▸ **Work item**:
Report back every line below that carries the word "Holder".

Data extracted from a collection
---+---

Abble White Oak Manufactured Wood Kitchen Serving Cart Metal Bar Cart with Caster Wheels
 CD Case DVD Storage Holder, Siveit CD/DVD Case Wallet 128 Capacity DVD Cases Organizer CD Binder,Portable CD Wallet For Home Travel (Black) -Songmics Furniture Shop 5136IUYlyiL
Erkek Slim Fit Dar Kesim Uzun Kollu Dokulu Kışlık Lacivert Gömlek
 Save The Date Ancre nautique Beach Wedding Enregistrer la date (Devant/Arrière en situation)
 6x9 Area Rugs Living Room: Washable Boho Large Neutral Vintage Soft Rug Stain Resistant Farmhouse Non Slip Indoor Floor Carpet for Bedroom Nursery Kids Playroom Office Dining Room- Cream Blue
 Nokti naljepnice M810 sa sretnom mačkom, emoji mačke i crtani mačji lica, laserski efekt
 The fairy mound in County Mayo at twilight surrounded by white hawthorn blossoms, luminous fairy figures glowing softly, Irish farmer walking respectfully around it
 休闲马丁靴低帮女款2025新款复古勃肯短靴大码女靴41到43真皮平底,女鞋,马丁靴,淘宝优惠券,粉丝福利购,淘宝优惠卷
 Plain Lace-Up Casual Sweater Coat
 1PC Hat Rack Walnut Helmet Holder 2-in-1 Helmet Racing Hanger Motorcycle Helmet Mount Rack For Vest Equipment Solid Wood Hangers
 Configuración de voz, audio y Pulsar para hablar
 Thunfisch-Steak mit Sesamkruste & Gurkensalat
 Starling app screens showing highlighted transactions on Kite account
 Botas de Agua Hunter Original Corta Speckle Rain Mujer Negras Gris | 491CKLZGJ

---+---

▸ **Written solution**:
 CD Case DVD Storage Holder, Siveit CD/DVD Case Wallet 128 Capacity DVD Cases Organizer CD Binder,Portable CD Wallet For Home Travel (Black) -Songmics Furniture Shop 5136IUYlyiL
 1PC Hat Rack Walnut Helmet Holder 2-in-1 Helmet Racing Hanger Motorcycle Helmet Mount Rack For Vest Equipment Solid Wood Hangers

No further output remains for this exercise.